Segment Start: DATA SUPPLIED

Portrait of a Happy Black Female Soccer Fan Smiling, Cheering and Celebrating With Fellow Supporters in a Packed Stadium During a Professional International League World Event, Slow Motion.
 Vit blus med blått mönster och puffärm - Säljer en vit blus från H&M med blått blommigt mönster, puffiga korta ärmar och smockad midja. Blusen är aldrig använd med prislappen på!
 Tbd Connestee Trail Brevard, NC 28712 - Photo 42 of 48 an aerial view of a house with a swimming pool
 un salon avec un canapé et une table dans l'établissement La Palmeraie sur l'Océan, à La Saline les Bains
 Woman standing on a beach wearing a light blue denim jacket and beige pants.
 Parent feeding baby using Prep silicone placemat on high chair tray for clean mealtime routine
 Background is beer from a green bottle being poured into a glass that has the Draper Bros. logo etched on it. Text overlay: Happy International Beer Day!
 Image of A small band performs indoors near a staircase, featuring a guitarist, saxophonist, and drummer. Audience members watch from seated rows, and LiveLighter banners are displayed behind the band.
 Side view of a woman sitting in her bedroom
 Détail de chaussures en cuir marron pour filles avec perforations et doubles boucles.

Segment End: DATA SUPPLIED

ASSIGNED TASK
Retype exactly the lines of the data above that fall between the line with "Tbd Connestee Trail" and the line with "Woman standing on", inclusive, and add nothing.

RESULT FOR THIS EXERCISE
 Tbd Connestee Trail Brevard, NC 28712 - Photo 42 of 48 an aerial view of a house with a swimming pool
 un salon avec un canapé et une table dans l'établissement La Palmeraie sur l'Océan, à La Saline les Bains
 Woman standing on a beach wearing a light blue denim jacket and beige pants.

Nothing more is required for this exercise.